DBZ-6964 Temporary fix schema for MySQL "Geometry" types conflicting with Avro schema registries (Confluent, Apicurio). #5411

rk3rn3r · 2024-03-20T08:09:12Z

It seems that schema registries don't incorporate schema parameters correctly leading to that only the first row of a Geometry type is used as schema reference. If a single topic/table has multiple fields/rows of a geo type than only one schema is referenced for all fields, even when the real schema of those fields differ.

closes https://issues.redhat.com/browse/DBZ-6964

…with Avro schema registries (Confluent, Apicurio). It seems that schema registries don't incorporate schema parameters correctly leading to that only the first row of a Geometry type is used as schema reference. If a single topic/table has multiple fields/rows of a geo type than only one schema is referenced for all fields, even when the real schema of those fields differ. closes https://issues.redhat.com/browse/DBZ-6964

…d deduplication with a Map with a key based on the SMT's fully-qualified class name and version. + minor cleanup closes https://issues.redhat.com/browse/DBZ-7416

rk3rn3r · 2024-03-20T08:16:01Z

@jpechane Looking at the Cassandra PR that you mentioned in the last triaging call, I felt like it could make sense to not only do this for MySQL Geometry but maybe for other fields that potentially conflict?
There are some schema parameters that are handled by the different Avro registries (feels like some copied the other) like scale and precision values. The ones that we used to differ schemas of different fields are not incorporated in the cache key and storage, leading to those issues.
Maybe we can identify those datatype for all connectors?

In general I suggest this as a temporary fix as the schema name for those field look ugly.
Maybe it is even better to use the logical coordinate (server.schema.table.field) as schema names until it is fixed?
Wdyt?

What also might be missing is a Apicurio client test for Postgres. Should I add one?

rk3rn3r · 2024-03-20T08:22:27Z

debezium-connector-mysql/src/test/java/io/debezium/connector/mysql/MySqlGeometryIT.java

@@ -218,7 +231,7 @@ else if (i == 2) {
        }
    }

-    private DatabaseGeoDifferences databaseGeoDifferences(boolean mySql5) {
+    public static DatabaseGeoDifferences databaseGeoDifferences(boolean mySql5) {


I actually did not change this. This interface is still private, Github shows an outdated commit content here. 🤷

mfvitale · 2024-03-20T08:23:47Z

There are some schema parameters that are handled by the different Avro registries (feels like some copied the other) like scale and precision values.

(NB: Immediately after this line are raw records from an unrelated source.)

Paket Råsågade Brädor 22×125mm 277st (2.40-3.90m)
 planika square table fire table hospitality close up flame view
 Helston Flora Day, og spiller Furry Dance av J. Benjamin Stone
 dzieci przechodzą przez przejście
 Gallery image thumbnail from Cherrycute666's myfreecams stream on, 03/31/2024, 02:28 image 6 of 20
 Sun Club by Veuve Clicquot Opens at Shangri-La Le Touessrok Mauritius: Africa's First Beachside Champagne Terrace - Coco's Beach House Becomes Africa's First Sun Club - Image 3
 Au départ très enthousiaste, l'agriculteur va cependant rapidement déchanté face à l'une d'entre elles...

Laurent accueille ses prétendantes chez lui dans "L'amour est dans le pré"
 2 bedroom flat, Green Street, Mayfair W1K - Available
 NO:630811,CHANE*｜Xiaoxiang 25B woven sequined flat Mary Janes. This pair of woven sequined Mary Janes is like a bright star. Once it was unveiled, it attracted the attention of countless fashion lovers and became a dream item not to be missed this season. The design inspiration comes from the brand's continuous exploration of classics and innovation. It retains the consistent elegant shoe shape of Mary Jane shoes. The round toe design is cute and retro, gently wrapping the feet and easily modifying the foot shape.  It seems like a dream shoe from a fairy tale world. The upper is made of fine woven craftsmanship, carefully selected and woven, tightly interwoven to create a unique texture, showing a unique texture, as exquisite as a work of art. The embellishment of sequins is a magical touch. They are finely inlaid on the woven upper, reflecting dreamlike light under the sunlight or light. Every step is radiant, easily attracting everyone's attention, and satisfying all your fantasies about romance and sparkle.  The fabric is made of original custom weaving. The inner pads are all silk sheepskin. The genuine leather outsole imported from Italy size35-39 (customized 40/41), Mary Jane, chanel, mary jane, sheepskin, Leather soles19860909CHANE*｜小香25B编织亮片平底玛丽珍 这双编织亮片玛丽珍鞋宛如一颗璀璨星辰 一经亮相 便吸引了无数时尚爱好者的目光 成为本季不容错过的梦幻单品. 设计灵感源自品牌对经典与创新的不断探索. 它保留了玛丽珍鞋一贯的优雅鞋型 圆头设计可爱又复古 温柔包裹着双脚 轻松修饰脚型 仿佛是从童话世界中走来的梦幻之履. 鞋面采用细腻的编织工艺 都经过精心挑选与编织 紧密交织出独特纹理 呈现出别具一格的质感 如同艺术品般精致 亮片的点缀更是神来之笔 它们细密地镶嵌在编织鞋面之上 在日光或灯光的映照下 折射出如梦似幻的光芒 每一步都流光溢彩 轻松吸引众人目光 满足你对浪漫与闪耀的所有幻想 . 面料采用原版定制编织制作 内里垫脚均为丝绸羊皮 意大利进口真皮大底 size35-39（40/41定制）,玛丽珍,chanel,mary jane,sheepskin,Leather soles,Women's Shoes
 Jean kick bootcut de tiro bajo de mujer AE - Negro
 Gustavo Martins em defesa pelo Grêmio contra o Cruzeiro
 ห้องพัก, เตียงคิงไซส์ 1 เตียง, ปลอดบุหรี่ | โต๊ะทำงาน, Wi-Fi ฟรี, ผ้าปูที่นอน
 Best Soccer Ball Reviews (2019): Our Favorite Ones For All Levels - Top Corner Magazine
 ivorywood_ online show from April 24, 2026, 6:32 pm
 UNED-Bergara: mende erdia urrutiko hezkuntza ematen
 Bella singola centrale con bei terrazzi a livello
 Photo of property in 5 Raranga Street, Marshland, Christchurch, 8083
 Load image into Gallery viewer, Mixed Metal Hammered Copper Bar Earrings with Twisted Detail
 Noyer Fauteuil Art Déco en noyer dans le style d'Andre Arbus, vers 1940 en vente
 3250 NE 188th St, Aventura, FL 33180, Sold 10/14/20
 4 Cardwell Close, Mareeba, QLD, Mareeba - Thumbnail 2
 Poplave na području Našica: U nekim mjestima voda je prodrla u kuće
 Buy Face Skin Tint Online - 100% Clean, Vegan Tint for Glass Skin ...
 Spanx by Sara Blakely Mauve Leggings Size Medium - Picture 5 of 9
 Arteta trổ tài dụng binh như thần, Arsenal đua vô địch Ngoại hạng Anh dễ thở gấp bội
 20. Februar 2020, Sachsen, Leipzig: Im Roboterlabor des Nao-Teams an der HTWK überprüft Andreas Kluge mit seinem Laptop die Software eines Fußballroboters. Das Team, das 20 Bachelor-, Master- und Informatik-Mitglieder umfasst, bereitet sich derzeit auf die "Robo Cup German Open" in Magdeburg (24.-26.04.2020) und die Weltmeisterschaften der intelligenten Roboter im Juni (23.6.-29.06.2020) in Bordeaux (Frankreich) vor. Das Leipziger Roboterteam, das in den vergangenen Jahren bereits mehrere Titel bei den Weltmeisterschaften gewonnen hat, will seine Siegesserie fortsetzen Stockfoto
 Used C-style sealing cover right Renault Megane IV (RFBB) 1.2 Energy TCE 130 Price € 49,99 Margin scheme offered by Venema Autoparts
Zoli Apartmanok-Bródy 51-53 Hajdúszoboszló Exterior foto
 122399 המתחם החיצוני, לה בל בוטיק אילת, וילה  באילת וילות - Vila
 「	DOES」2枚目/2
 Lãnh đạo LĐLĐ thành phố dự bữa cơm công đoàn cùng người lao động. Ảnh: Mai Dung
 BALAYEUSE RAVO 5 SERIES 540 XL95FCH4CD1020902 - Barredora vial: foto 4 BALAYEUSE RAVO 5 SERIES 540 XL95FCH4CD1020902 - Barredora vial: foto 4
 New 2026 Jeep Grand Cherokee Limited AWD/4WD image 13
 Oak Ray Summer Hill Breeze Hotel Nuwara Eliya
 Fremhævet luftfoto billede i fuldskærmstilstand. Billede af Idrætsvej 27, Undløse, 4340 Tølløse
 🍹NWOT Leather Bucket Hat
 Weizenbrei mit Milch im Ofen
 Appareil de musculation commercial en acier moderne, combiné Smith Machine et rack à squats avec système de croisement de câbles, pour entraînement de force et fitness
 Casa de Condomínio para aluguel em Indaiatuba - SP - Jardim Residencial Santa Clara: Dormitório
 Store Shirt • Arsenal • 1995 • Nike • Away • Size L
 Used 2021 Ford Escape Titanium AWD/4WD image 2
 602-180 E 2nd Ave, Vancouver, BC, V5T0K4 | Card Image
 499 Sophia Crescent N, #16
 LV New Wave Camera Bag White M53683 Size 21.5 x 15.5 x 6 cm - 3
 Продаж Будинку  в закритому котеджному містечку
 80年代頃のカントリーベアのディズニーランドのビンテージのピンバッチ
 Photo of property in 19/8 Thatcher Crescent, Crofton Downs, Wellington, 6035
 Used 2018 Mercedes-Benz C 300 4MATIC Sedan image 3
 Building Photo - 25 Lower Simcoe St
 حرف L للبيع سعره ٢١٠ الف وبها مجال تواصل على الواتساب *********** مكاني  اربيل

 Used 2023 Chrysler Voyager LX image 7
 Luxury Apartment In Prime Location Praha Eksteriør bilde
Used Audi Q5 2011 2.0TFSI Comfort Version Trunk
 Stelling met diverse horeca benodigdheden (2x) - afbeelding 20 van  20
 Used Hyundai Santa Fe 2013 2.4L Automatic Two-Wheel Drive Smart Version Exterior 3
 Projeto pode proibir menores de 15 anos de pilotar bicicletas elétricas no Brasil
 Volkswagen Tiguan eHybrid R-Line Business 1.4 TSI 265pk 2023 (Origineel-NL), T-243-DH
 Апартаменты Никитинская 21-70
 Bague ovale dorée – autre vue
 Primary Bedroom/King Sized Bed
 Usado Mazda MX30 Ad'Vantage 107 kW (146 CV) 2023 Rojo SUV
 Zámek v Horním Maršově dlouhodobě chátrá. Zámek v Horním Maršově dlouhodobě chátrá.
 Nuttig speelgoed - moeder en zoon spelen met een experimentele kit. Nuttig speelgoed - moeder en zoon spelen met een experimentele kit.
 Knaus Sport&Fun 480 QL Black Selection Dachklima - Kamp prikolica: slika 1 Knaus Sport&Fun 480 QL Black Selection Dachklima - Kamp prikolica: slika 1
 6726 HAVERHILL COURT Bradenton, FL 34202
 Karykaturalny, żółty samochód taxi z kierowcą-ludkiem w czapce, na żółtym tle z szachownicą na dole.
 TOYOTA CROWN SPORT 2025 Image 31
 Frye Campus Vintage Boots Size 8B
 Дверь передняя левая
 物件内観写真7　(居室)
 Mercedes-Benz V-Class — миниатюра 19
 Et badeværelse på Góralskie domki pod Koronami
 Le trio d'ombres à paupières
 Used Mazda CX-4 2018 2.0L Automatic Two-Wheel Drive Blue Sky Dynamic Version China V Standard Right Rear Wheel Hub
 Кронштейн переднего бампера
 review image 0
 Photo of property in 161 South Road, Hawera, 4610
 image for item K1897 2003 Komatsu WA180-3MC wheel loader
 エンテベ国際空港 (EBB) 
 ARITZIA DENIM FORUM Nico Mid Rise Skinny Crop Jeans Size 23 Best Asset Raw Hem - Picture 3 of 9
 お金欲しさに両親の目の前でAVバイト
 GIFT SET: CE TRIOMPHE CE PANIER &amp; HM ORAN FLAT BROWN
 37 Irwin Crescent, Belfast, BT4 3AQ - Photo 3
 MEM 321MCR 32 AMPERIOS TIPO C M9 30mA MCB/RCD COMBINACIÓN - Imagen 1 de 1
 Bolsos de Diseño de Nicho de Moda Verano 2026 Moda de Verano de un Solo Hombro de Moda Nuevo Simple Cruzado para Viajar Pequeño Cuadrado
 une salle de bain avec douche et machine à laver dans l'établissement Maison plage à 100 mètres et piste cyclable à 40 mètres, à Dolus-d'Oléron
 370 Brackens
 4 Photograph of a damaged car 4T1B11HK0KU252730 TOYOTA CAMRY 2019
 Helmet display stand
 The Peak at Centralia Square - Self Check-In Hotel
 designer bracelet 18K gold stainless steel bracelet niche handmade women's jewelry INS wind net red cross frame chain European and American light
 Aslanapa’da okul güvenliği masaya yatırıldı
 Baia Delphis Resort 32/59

Yes, issue was reported with https://issues.redhat.com/browse/DBZ-6836. Opened an issue to Confluent and Apicurio but no answer.

rk3rn3r · 2024-03-20T08:31:31Z

debezium-core/src/main/java/io/debezium/data/geometry/Geometry.java

        return SchemaBuilder.struct()
-                .name(LOGICAL_NAME)
+                .name(LOGICAL_NAME + "__" + columnName) // temporary fix for DBZ-6964


This is the essence of the change. I don't feel super happy about it and looking at the Cassandra PR debezium/debezium-connector-cassandra#121 there might be other fields affected in general.
Looking at the registry code it seems that all types that can collide, collide when there are other parameters used than things like precision and scale. For example DECIMAL types are handled here:
https://github.com/Apicurio/apicurio-registry/blob/f2d1f06cae0b709acf3f6d4edb982f5775b50fa9/utils/converter/src/main/java/io/apicurio/registry/utils/converter/avro/AvroData.java#L886-L896

Making logical names dynamic will break the JDBC sink connector. If we go with this approach, we'll need to add a check for "prefixed geometry logical names" to sanitize the incoming data to correctly lookup and resolve target columns accordingly.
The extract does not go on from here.